TASK OBJECTIVE. When you reach the line holding "24/7 Emergency Fire", please begin to restate the lines word for word and continue through the last one in the material, excluding pictures.

DATASET EXTRACT.
══════════════════════════════
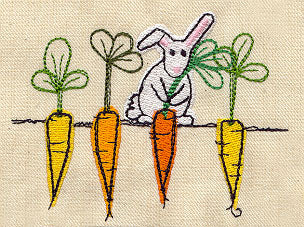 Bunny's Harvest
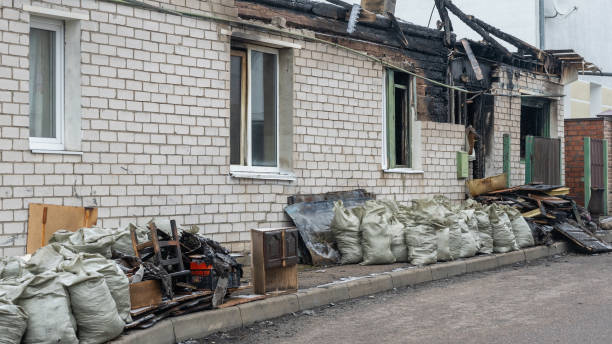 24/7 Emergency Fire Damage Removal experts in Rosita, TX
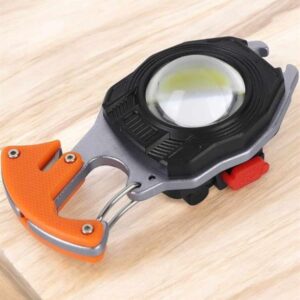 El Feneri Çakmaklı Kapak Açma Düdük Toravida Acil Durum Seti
══════════════════════════════
EXERCISE SOLUTION.
 24/7 Emergency Fire Damage Removal experts in Rosita, TX
 El Feneri Çakmaklı Kapak Açma Düdük Toravida Acil Durum Seti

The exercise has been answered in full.